TP: Total papers, TC: Total citations, CPP: Citations per paper, CAGR: Compound annual growth rate, RCI: Relative citation index

The United States (US) with 596 papers (21.59%). India ranked third with 383 publications, demonstrating a significant and growing presence. While China and India were high in productivity, their research impact, as measured by CPP, was comparatively lower than that of many Western countries. The US had the highest CPP (34.76), indicating high-impact research. Other countries such as Canada (34.19 CPP), Spain (24.93 CPP), and the United Kingdom (UK) (24.77 CPP), also performed well in terms of research impact despite having fewer publications. India’s CPP was 6.55, and China’s CPP was 16.07, both below the global average of 21.71 [Table 2]. India’s research output exhibits a stark contrast between its high volume of publications and its low research impact. Ranking 3^rd globally in total papers (TP) with 383, India contributes a significant 13.87% to the total output of these top countries. While India is highly productive in publishing, its research is cited less frequently and, consequently, has a substantially lower average influence or scholarly impact compared to its major global counterparts such as the US and Canada [Table 2].

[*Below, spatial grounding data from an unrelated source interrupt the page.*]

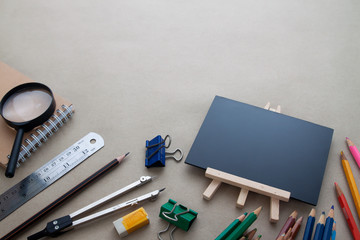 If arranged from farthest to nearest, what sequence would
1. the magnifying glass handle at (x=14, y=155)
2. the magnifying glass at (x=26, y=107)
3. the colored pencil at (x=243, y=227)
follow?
the magnifying glass at (x=26, y=107), the magnifying glass handle at (x=14, y=155), the colored pencil at (x=243, y=227)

Table 2: Contribution of the top 12 countries in global output, related to healthcare imaging, comparing the research metrics with India.

S. No.	Name of the country	TP	TC	CPP	TP%
1	China	903	14510	16.07	32.71
2	United States	596	20,718	34.76	21.59
3	India	383	2507	6.55	13.87
4	United Kingdom	169	4186	24.77	6.12
5	Germany	134	2575	19.22	4.85
6	Canada	111	3795	34.19	4.02
7	South Korea	109	1539	14.12	3.95
8	Japan	105	1464	13.94	3.80
9	Australia	94	1948	20.72	3.40
10	France	66	832	12.61	2.39
11	Italy	60	1008	16.8	2.17
12	Saudi Arabia	59	1107	18.76	2.14
13	Spain	54	1346	24.93	1.96
14	Hong Kong	52	530	10.19	1.88
15	Switzerland	45	1116	24.8	1.63
		2761	59181	21.71	100.00

TP: Total papers, TC: Total citations, CPP: Citations per paper

This analysis shows a clear divide: certain countries, particularly in the West, prioritize quality and impact, while high-volume contributors such as China and India still need to improve their citation rates to match the global average.

Indian research

Indian research has been expanded and clarified to explain publication trends, institutional performance, and reasons for lower citation impact more coherently.

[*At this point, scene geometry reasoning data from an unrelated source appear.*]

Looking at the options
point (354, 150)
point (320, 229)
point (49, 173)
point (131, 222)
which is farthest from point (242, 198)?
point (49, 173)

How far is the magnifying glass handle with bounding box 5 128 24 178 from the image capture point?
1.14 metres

Indian contribution and citation impact

India’s contribution to this research field amounted to 383 publications, accounting for a 13.87% share of the global output. This output grew significantly from just one paper in 2017 to 86 in 2025, with a maximum output (132) in 2024. Despite this high publication volume, the citation impact was comparatively low, with an average of 6.55 CPP, which is well below the global average of 21.71 CPP. This lower impact is largely attributed to the dominance of conference papers, which constituted 58.49% of the total publications but had a very low CPP of 2.92. In contrast, journal articles (11.29 CPP) and review papers (14.84 CPP) garnered significantly more citations, highlighting the importance of publishing in high-impact, peer-reviewed journals to enhance research visibility and influence.

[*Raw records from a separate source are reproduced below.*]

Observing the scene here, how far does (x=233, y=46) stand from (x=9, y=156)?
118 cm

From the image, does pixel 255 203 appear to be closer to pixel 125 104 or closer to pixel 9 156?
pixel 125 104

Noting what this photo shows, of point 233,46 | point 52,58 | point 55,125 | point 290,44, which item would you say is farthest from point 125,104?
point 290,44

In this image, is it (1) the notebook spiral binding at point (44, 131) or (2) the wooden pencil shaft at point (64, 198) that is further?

International collaborative papers

Of the 383 Indian publications, 57 papers (14.88%) involved international collaboration, which received a total of 520 citations, averaging 9.2 CPP. The US (17 papers) and the UK (nine papers) were India’s primary partners, reflecting strong academic ties. These were followed by China (five papers), Vietnam, the United Arab Emirates (UAE), Saudi Arabia, Norway, Laos, and Japan (four papers each), South Korea, the Russian Federation, Malaysia, Iraq, Germany, Canada, Botswana, and Australia (three papers).

While the geographical span of collaborations was diverse, the intensity of collaboration was low, with most countries contributing fewer than five papers [Figure 2]. The limited scale of these partnerships suggests a need for India to forge deeper collaborations with high-impact countries to boost its overall research visibility and influence.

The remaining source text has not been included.